When trying to save a data frame with 569610608 rows.
dfc.write.format("parquet").save(“/data/map_parquet_file")
We get random results between runs. Caching the data frame in memory makes no
difference. It looks like the write out misses some of the RDD partitions. We
have an RDD with 6750 partitions. When we write out we get less files out than
the number of partitions. When reading the data back in and running a count, we
get smaller number of rows.
I’ve tried counting the rows in all different ways. All return the same result,
560214031 rows, missing about 9.4 million rows (0.15%).
qc.read.parquet("/data/map_parquet_file").count
qc.read.parquet("/data/map_parquet_file").rdd.count
qc.read.parquet("/data/map_parquet_file").mapPartitions{itr => var c = 0;
itr.foreach(_ => c = c + 1); Seq(c).toIterator }.reduce(_ + _)
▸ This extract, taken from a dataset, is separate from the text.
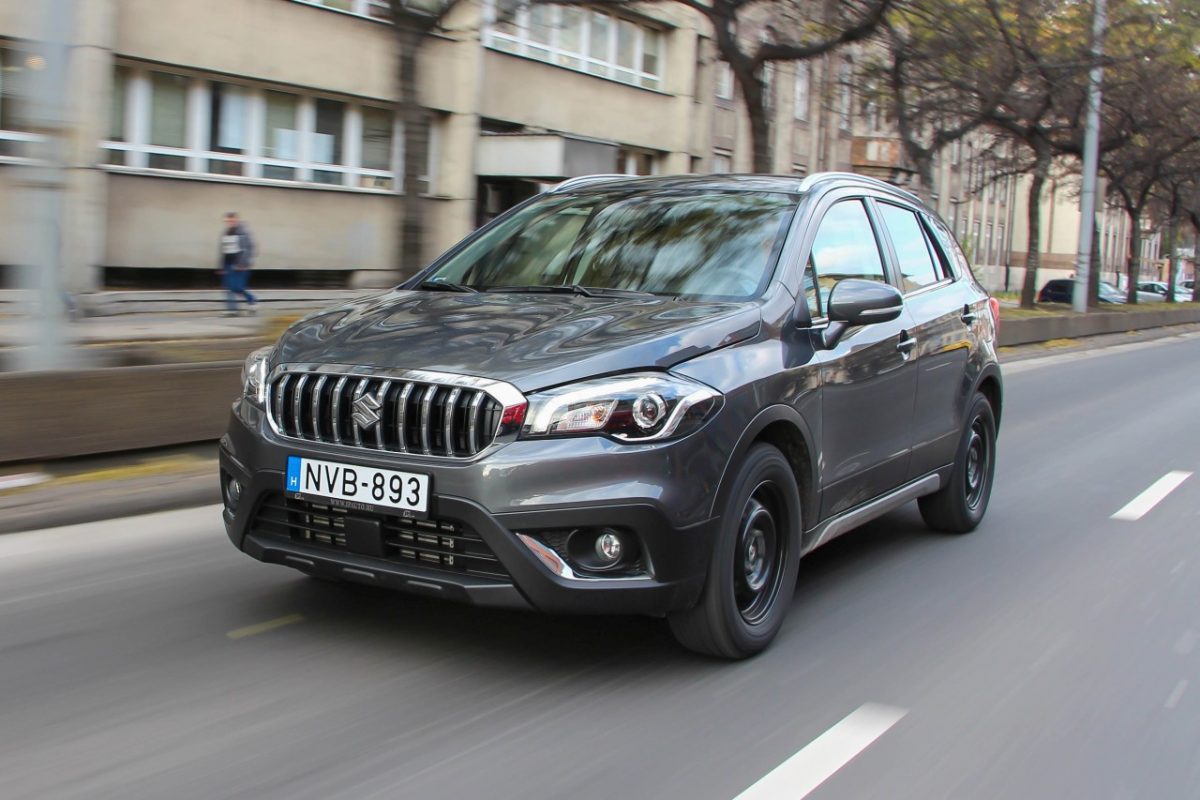 SUZUKI SX4 S-CROSS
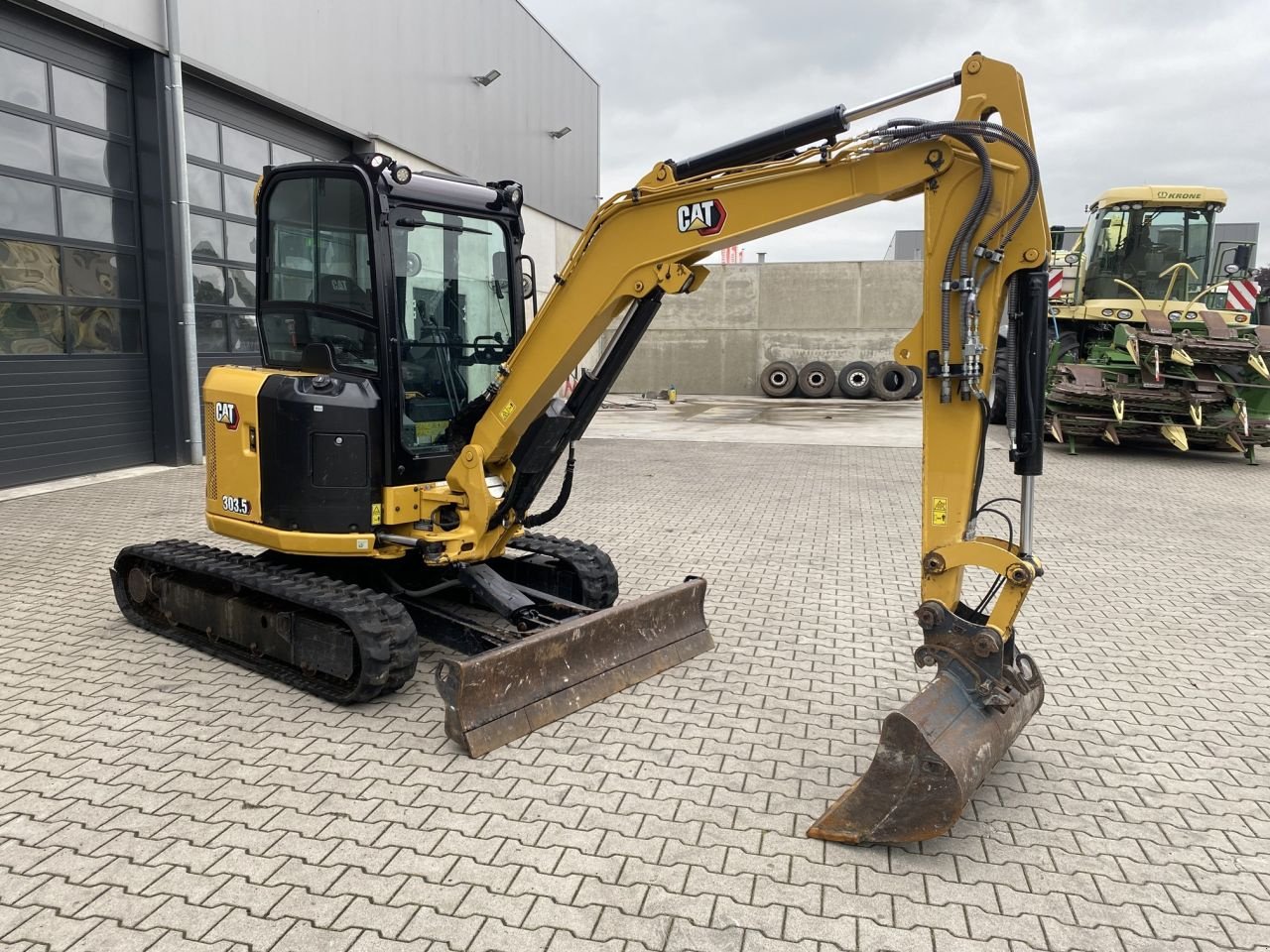 Minibagger vrste Caterpillar 303.5 CR, Gebrauchtmaschine v Beek en Donk (Slika 7)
Looking on HDFS the files, there are 6643 .parquet files. 107 missing
partitions (about 0.15%).
Then writing out the same cached DF again to a new file gives 6717 files on
hdfs (about 33 files missing or 0.5%);
dfc.write.parquet(“/data/map_parquet_file_2")
And we get 566670107 rows back (about 3million missing ~0.5%);
qc.read.parquet("/data/map_parquet_file_2").count
Writing the same df out to json writes the expected number (6750) of parquet
files and returns the right number of rows 569610608.
dfc.write.format("json").save("/data/map_parquet_file_3")
qc.read.format("json").load("/data/map_parquet_file_3").count
One thing to note is that the parquet part files on HDFS are not the normal
sequential part numbers like for the json output and parquet output in Spark
1.3.
part-r-06151.gz.parquet part-r-118401.gz.parquet part-r-146249.gz.parquet
part-r-196755.gz.parquet part-r-35811.gz.parquet part-r-55628.gz.parquet
part-r-73497.gz.parquet part-r-97237.gz.parquet
part-r-06161.gz.parquet part-r-118406.gz.parquet part-r-146254.gz.parquet
part-r-196763.gz.parquet part-r-35826.gz.parquet part-r-55647.gz.parquet
part-r-73500.gz.parquet _SUCCESS
We are using MapR 4.0.2 for hdfs.
Any ideas?
Cheers,
Nathan